Sunday, November 23, 2008

I am nearly ready to admit that I am in the tank for Obama. I always hated that term, because it implied I was no longer paying attention, but I'm confronted by the evidence of my unreachable gone-ness. I just watched a five minute raw video of Barack Obama trying to get from one end of a Chicago lunch joint to the other, and I know I'm going to watch it again. Next time someone tells me I need my head checked, I'm going to give it more consideration.

While watching it all I could think of was this ad, which shows in our market all the time.

Thursday, November 20, 2008


Wonkette ran a quickie about their blog's session with the non-Freudian analyst at typealyzer.com. I had to find out what it thought of my little blog. Ready?

The analysis indicates that the author of http://ukebox.blogspot.com is of the type:
ESTP - The Doers

The active and play-ful type. They are especially attuned to people and things around them and often full of energy, talking, joking and engaging in physical out-door activities.
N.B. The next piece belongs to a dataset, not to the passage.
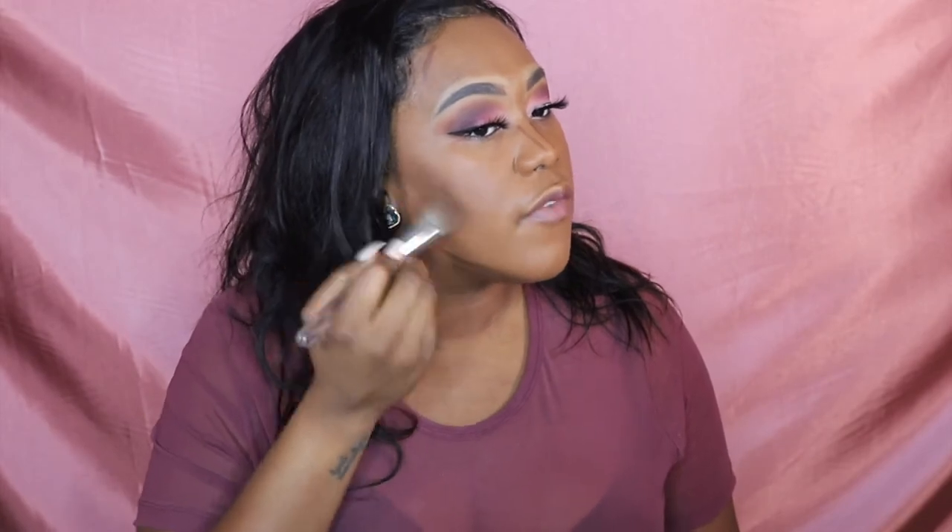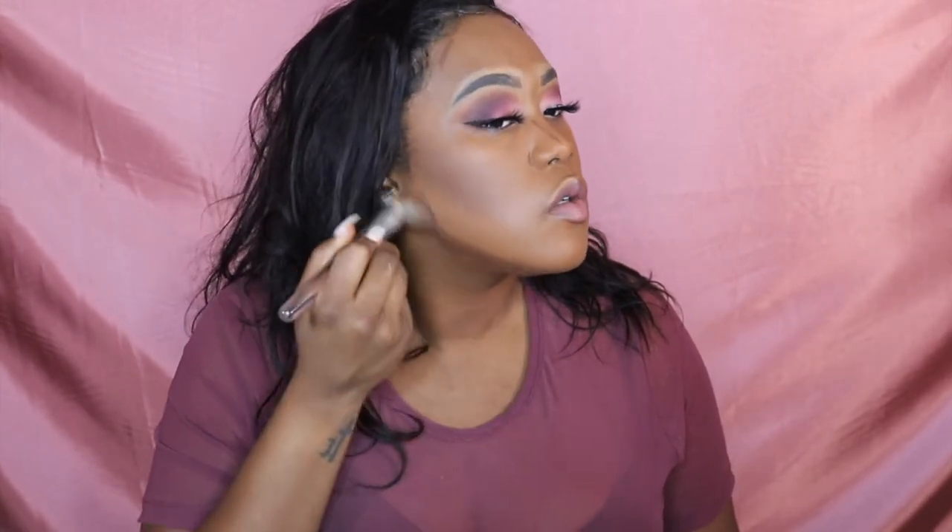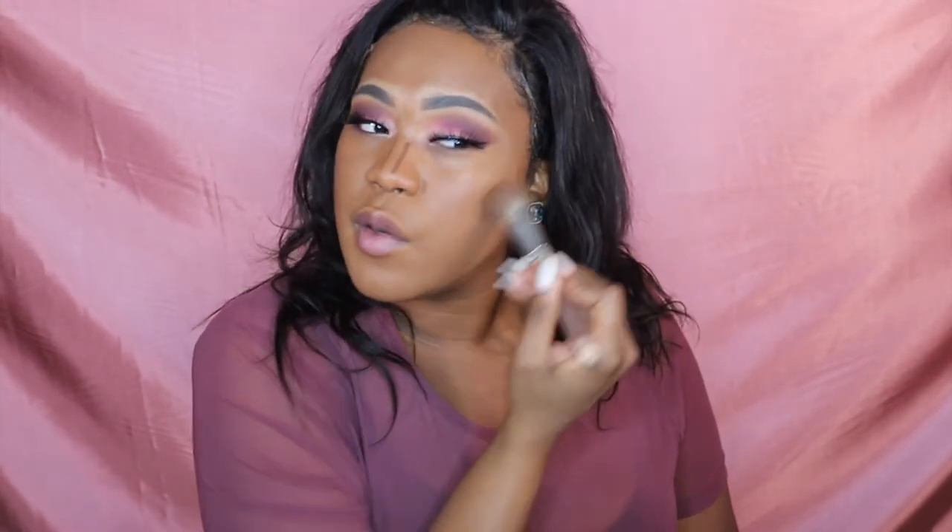I'm gonna snatch that face. I'm using ColourPop Deep Dark 58 shade to contour today. I can't have this dramatic eye look without a snatched moment — you just can't, it's not fair, it don't make sense.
The Doers are happiest with action-filled work which craves their full attention and focus. They might be very impulsive and more keen on starting something new than following it through. They might have a problem with sitting still or remaining inactive for any period of time.


Does this explain how crappy I am at updating regularly?

Sunday, October 26, 2008





Friday, October 24, 2008

I hoped this would be funny, but I didn't expect to start crying. This sums up the whole last eight years for me.

Thursday, August 07, 2008

I start getting proud of my music and I see stuff like this and get back to work.



Sunday, August 03, 2008

Sorry so long since the last entry. I'm hunkered down with production on my new record, UKEBOX EXOTICA these days, and a few projects for clients. But Pip R. Lagenta, whose YouTube videos of raccoons and skunks in his kitchen have been embedded here, came down to Nabolom Bakery yesterday to catch some of our music in his magic box.

Kurt Stevenson on nylon string guitar picks out the Patsy Cline hit "Crazy" (4:50) from Willie Nelson's perfect pen. Later, on returning from our mid-point break, Don McClellan on dobro calls "Sand" (7:59). Don proves he knows his Jerry Byrd records, and I return the favor with a vocal as learned from Merv Griffin. Kurt gets back to the bandstand in time to take a spin with that melody, and Ed Johnson holds down the low end with his washing tub bass or "floor banjo." Finally I can't resist a tune Kurt taught me, "Sakuranbo" (2:36), from a Trio Los Panchos Lp.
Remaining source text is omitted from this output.